Nous maintenons et affirmons que ce permis doit être annulé car il est clair qu’on ne peut justifier l’importance du projet par la nécessité de densifier le centre urbain dès lors que le site Balzat ne peut être considéré comme faisant partie du centre urbain d’Ottignies (sans compter la question ignorée du dénivelé), qu’invoquer autant de dérogations au RCU démontre à suffisance que ce dernier n’est plus adapté, qu’il est urgent de le changer et d’avoir le courage de prendre les mesures qui s’imposent...

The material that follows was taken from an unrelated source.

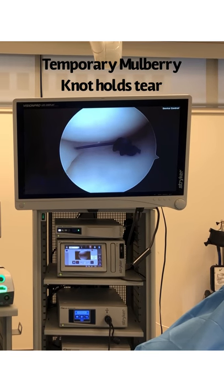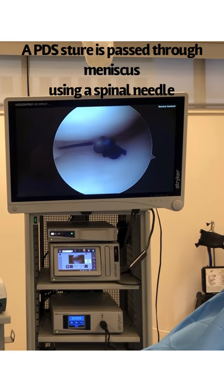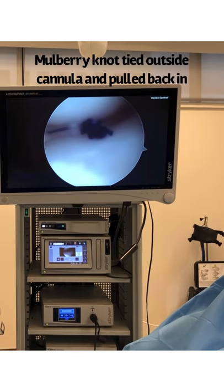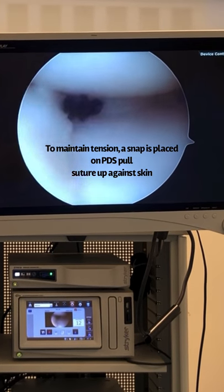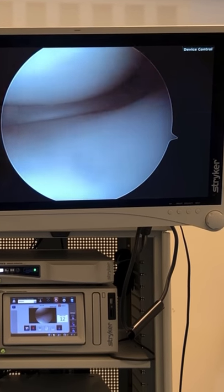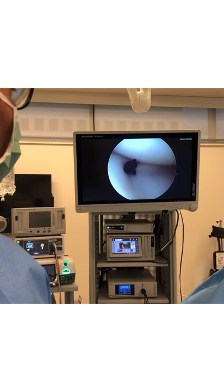So I pass the PDS using a spinal needle, pass the PDS, tie my mulberry knot, and then I go like this — see — and now my mulberry knot will hold the meniscus in place as I repair it. Now I'm going to be able to put my suture there, there, there, and then once my sutures are in, I can remove the mulberry knot.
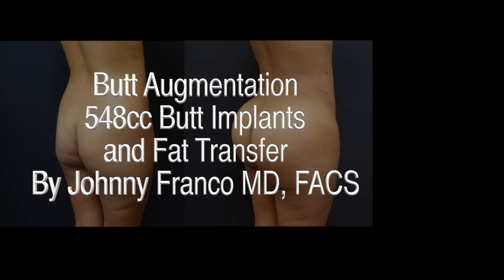Welcome back to my video series on butt augmentation. Today we'll see a butt augmentation with butt implants and fat transfer.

Nous n’avons eu de cesse – et nous continuerons ! -de plaider pour une densification raisonnable de l’ensemble de notre territoire communal (y compris à Louvain-La-Neuve, où tout semble permis), de réclamer la révision des différents instruments urbanistiques tels le RCU, le SSC précités et d’écouter l’opinion publique plutôt que les seuls intérêts économiques des promoteurs...
Si le Conseil d’Etat ne devait pas annuler le permis unique, il est clair que la Ville n’aurait aucune crainte à sortir ses armes de densification massive (dossiers Piroy, Boisette, alentours de la gare de Mousty, du Douaire et de la gare d’Ottignies, Courbevoie, Baraque, parc Athéna...), les élections étant passées...
Surtout, restez attentifs et ne soyez pas dupes ! Rappelez-vous le rêve dont nous vous avions fait part, celui d’un vrai projet de Ville qui conjuguerait - sur base d’une véritable participation citoyenne - « urbanisme et développement durable », tout en restant attentifs tant aux besoins de notre Commune, qu’aux besoins des habitants actuels, qu’à la place réservée au logement, aux activités économiques, aux équipements nécessaires... Il est réellement temps de penser à autre chose que de recouvrir toute parcelle de terrain disponible de béton et d’imposer aux sociétés immobilières, avides de profits, cette nouvelle vision de l’aménagement de notre « chez Nous ».